[Data supplied]

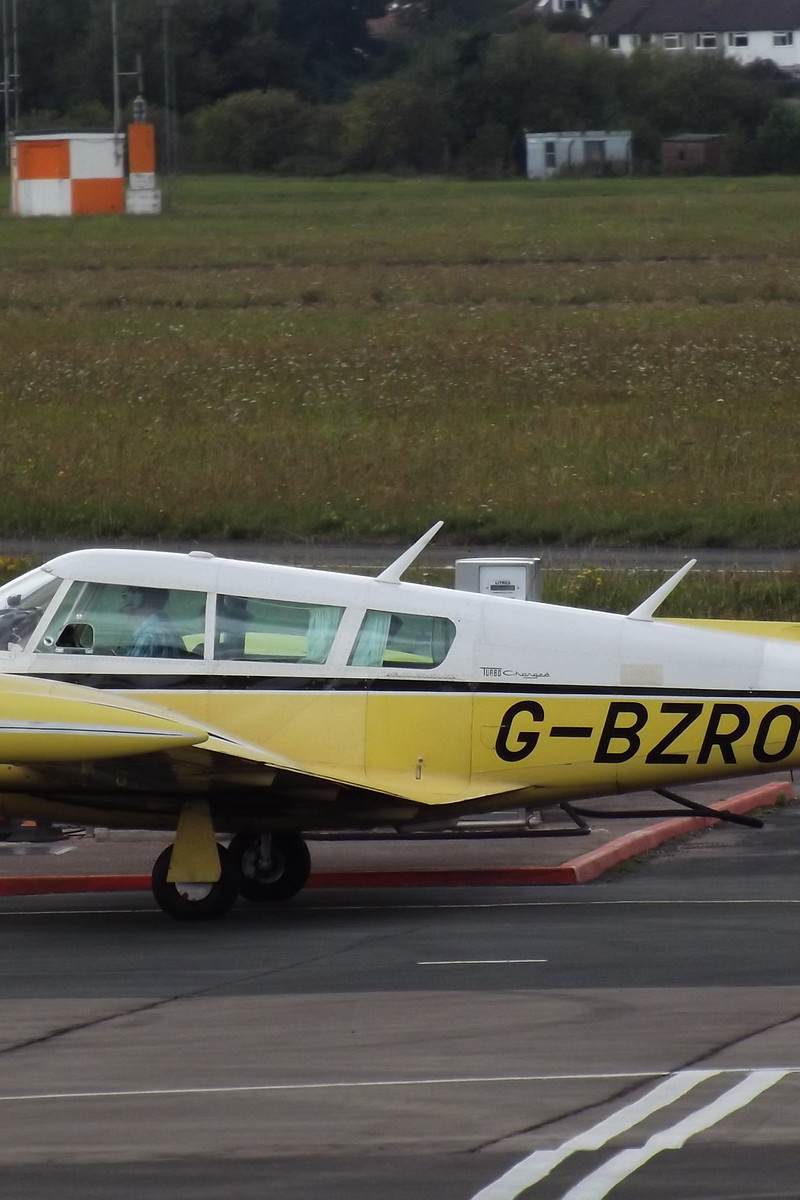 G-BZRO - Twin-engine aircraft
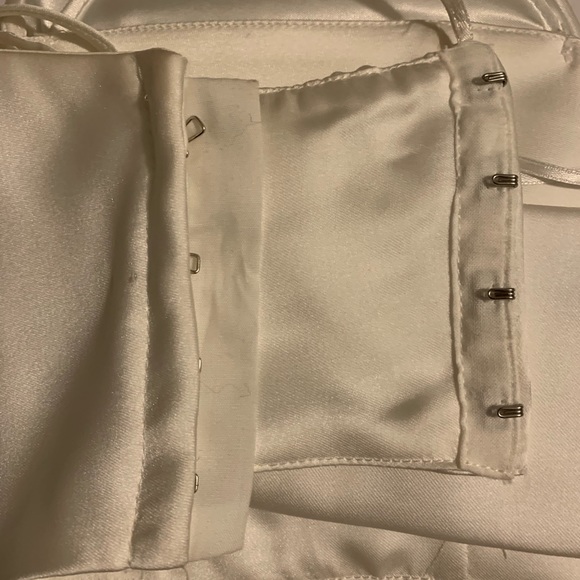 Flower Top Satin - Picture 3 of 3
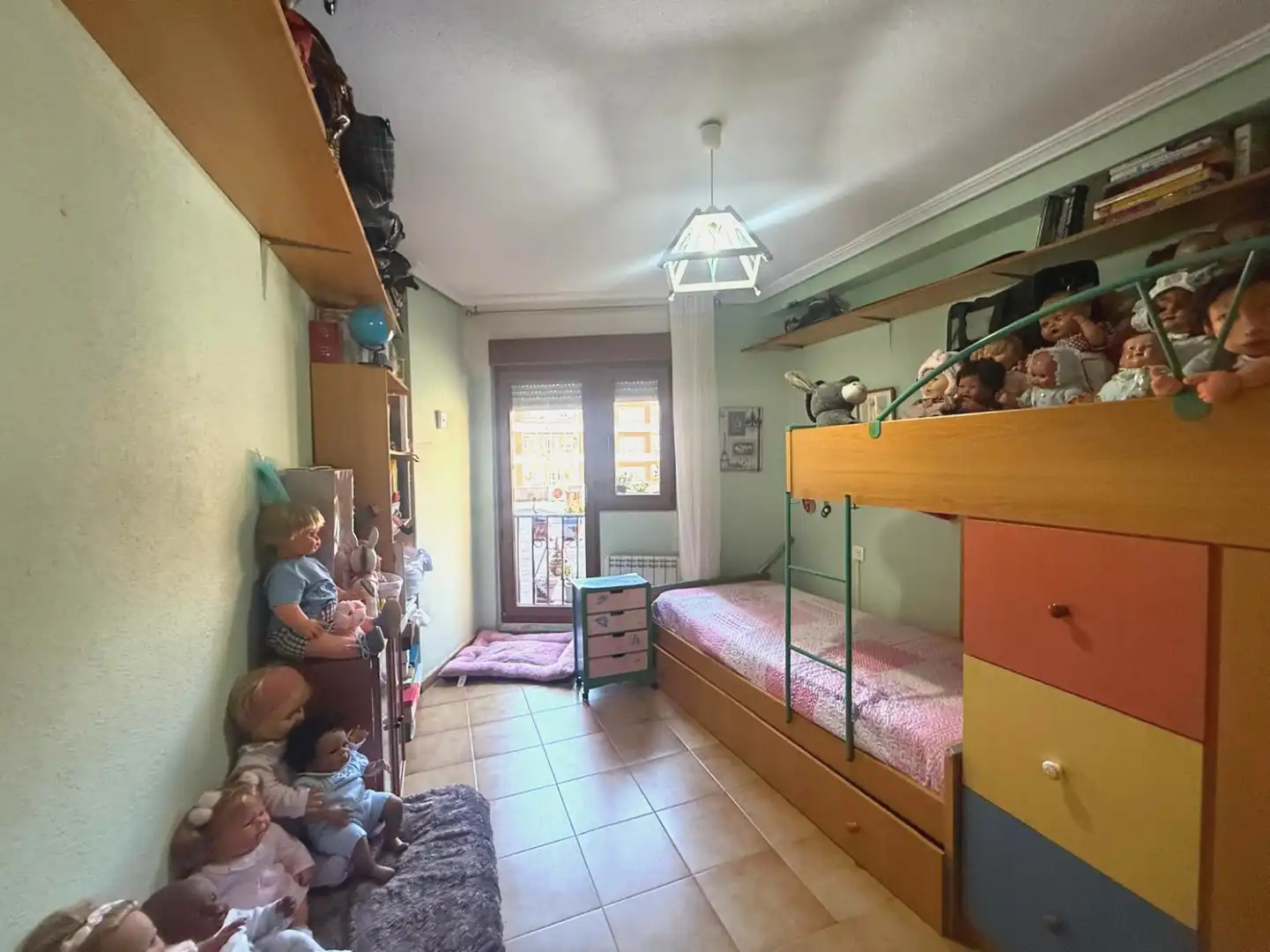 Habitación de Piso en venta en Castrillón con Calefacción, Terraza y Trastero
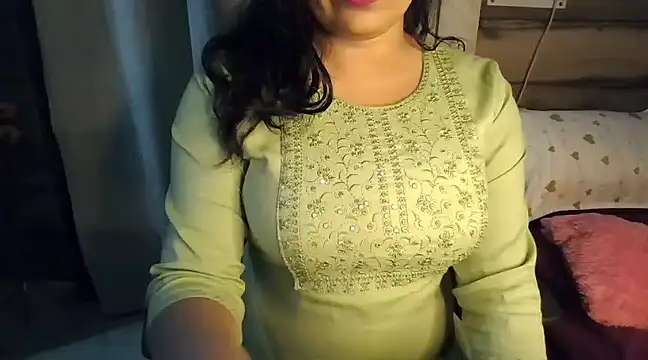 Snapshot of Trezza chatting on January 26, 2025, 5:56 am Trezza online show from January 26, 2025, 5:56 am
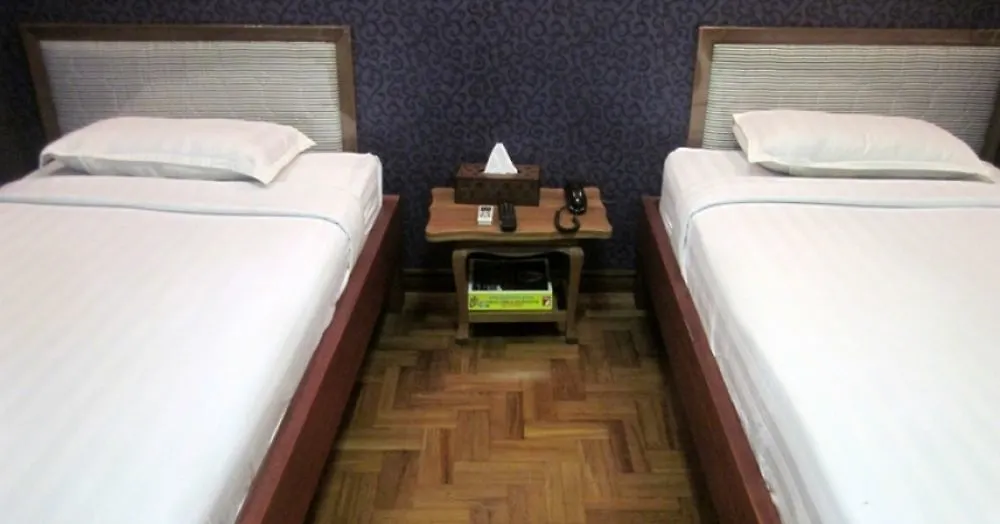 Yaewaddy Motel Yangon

[/Data supplied]
[Data supplied]

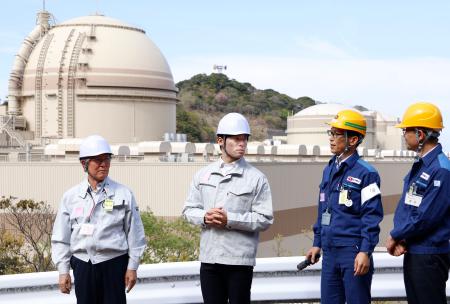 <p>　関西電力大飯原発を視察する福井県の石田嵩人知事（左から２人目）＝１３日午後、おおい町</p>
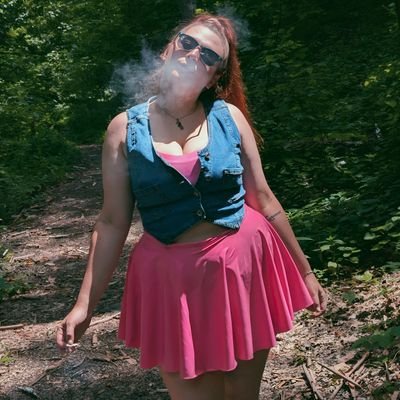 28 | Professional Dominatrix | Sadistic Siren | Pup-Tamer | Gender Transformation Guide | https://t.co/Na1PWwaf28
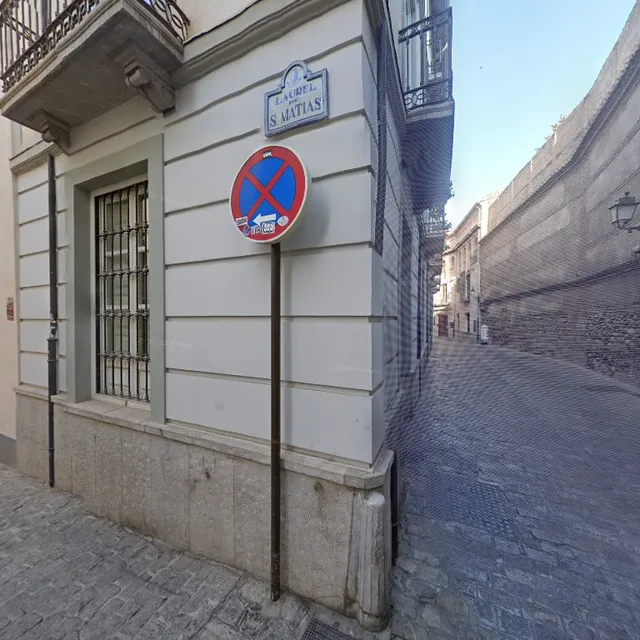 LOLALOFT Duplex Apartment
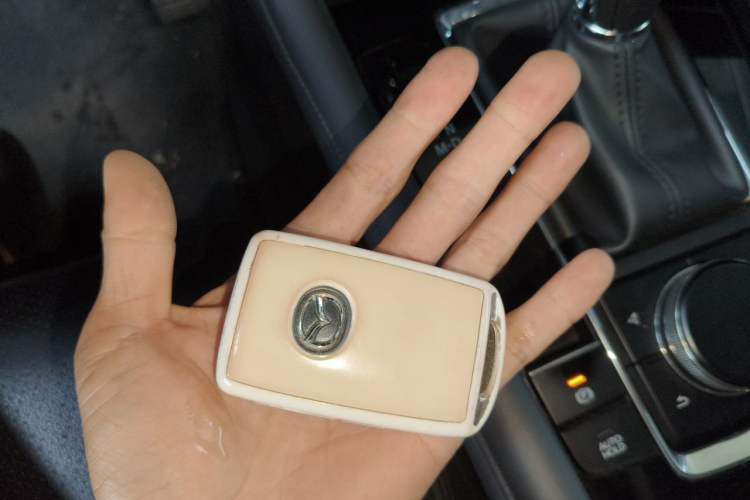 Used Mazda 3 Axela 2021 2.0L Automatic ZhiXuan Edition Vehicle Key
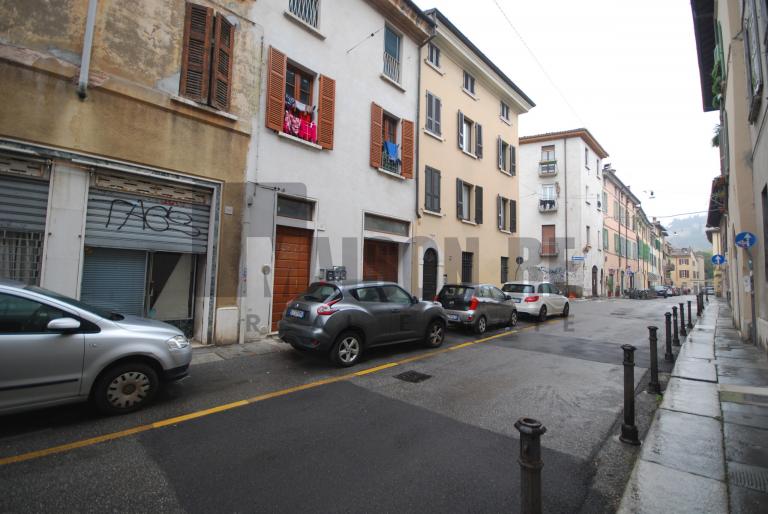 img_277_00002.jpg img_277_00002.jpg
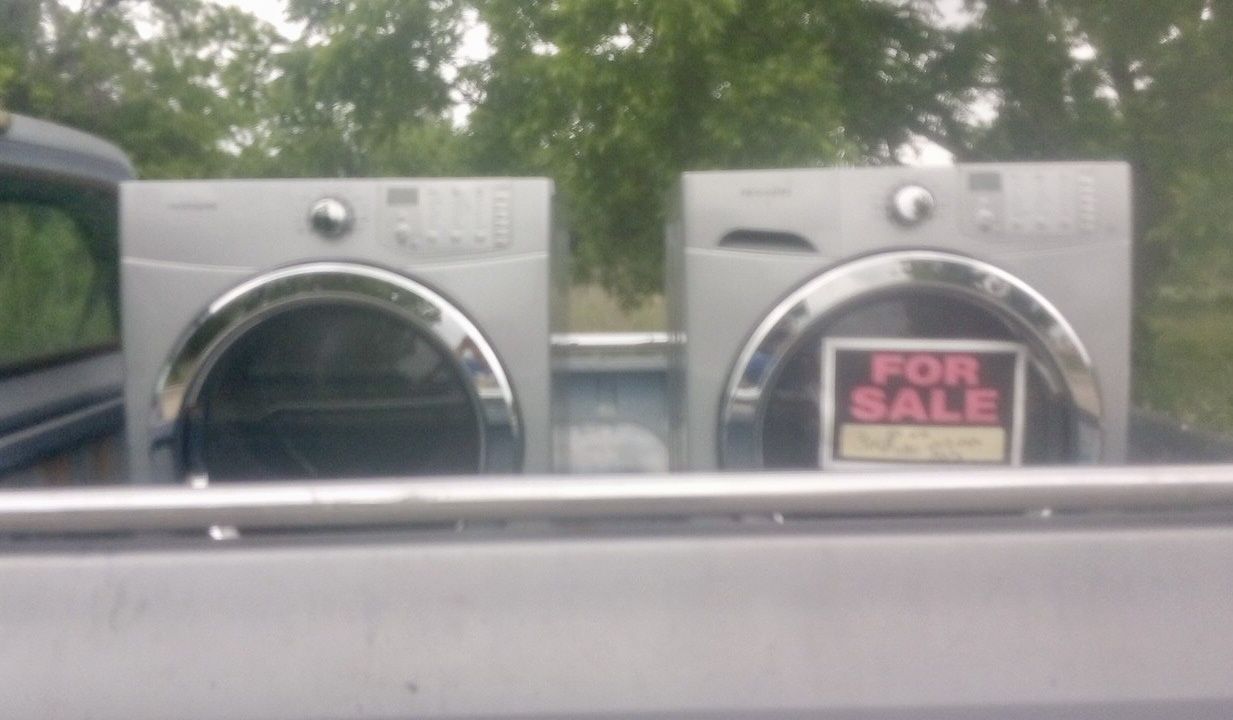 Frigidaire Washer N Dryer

[/Data supplied]

▶ Task instructions
Exactly as written above, retype the lines starting at the one holding "28 | Professional" and ending at the one holding "Frigidaire Washer N Dryer", both included, but not the pictures.

▶ Result of this task
 28 | Professional Dominatrix | Sadistic Siren | Pup-Tamer | Gender Transformation Guide | https://t.co/Na1PWwaf28
 LOLALOFT Duplex Apartment
 Used Mazda 3 Axela 2021 2.0L Automatic ZhiXuan Edition Vehicle Key
 img_277_00002.jpg img_277_00002.jpg
 Frigidaire Washer N Dryer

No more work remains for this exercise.